_EXERCISE REQUIREMENTS:_ Begin at the line containing "Infographic showing a" in the entries below and end at the line containing "Find the correct shadow. Worksheet"; transcribe that range exactly and nothing outside it.

_WORKING DATA:_

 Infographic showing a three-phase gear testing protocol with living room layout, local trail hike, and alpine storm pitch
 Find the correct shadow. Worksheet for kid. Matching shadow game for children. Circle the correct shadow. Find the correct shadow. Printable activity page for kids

--

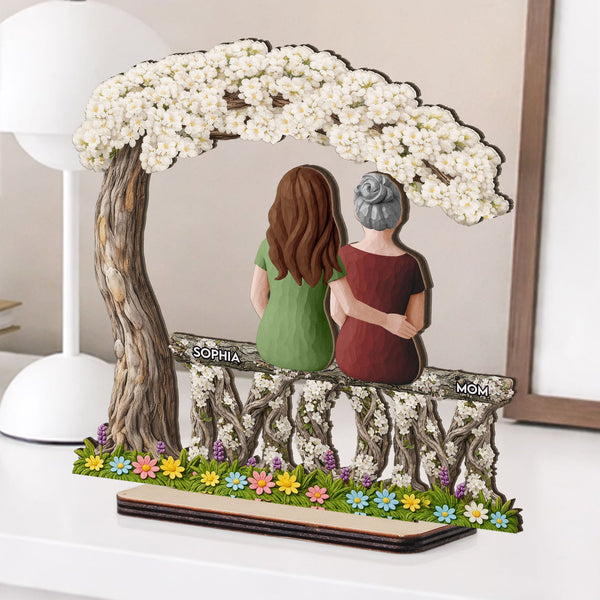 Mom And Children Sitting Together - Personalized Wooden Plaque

...

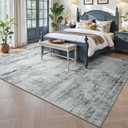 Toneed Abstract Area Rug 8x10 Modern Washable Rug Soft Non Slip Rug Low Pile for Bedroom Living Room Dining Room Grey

_ANSWER:_
 Infographic showing a three-phase gear testing protocol with living room layout, local trail hike, and alpine storm pitch
 Find the correct shadow. Worksheet for kid. Matching shadow game for children. Circle the correct shadow. Find the correct shadow. Printable activity page for kids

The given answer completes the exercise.